:: EXERCISE DETAILS ::
Retype all data exactly as given. Pictures should not be retyped.

COLLECTED DATA Block Start

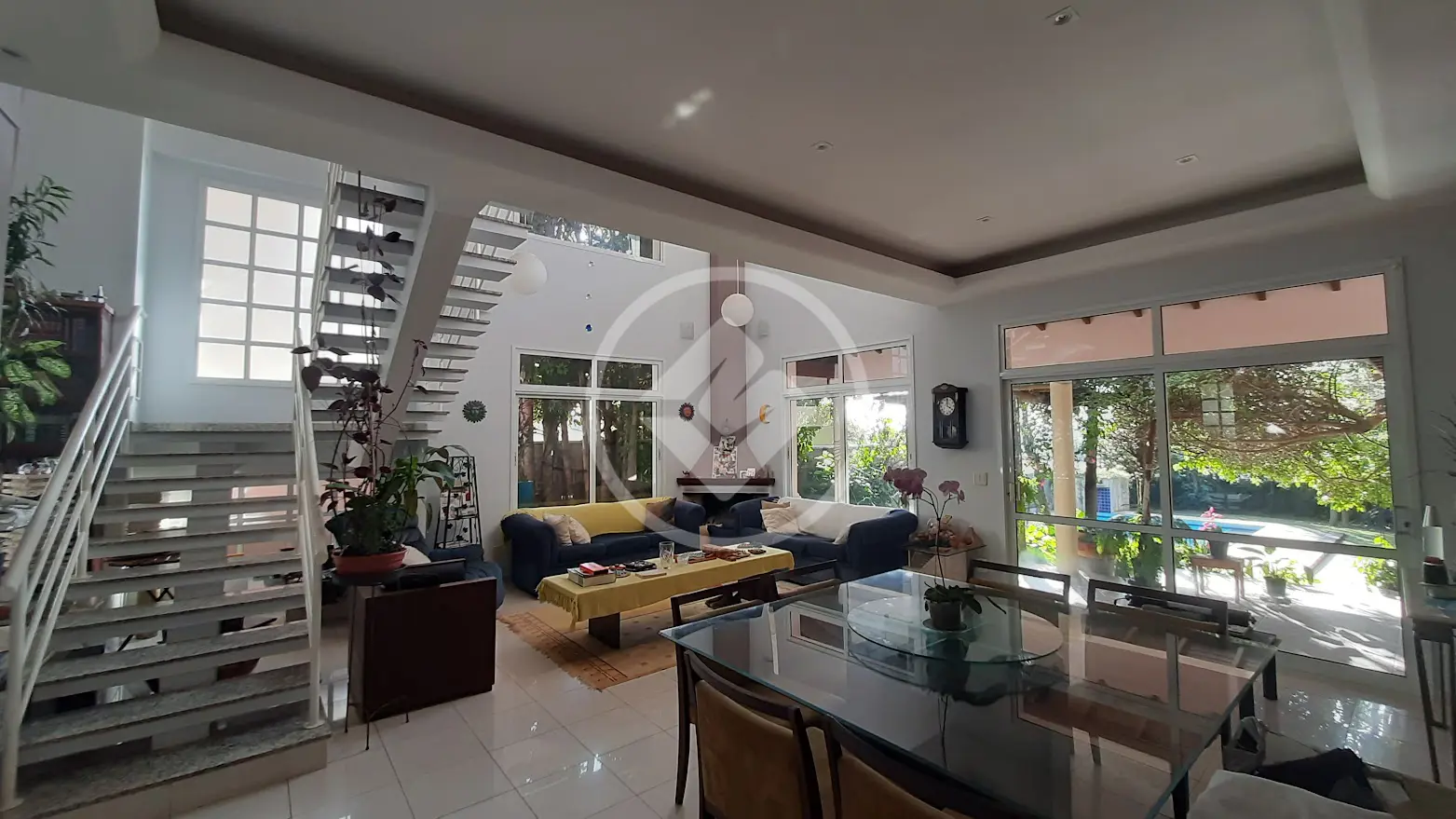 Imagem 2 - Casa Condomínio em Bosque, Vinhedo - SP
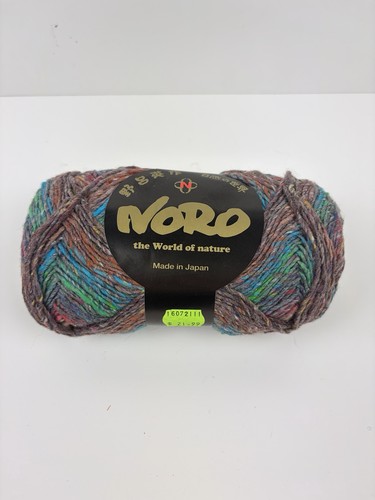 Noro mirai mondo della - mirai,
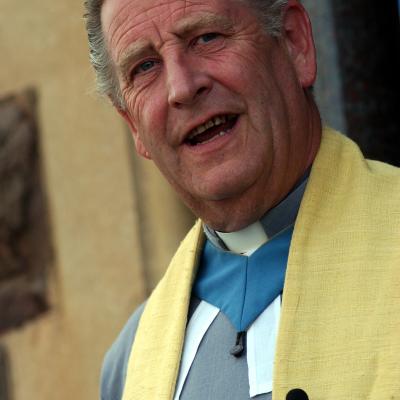 AMC Peter Mortlock 0612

COLLECTED DATA Block End

:: ANSWER FOR THE TASK ::
 Imagem 2 - Casa Condomínio em Bosque, Vinhedo - SP
 Noro mirai mondo della - mirai,
 AMC Peter Mortlock 0612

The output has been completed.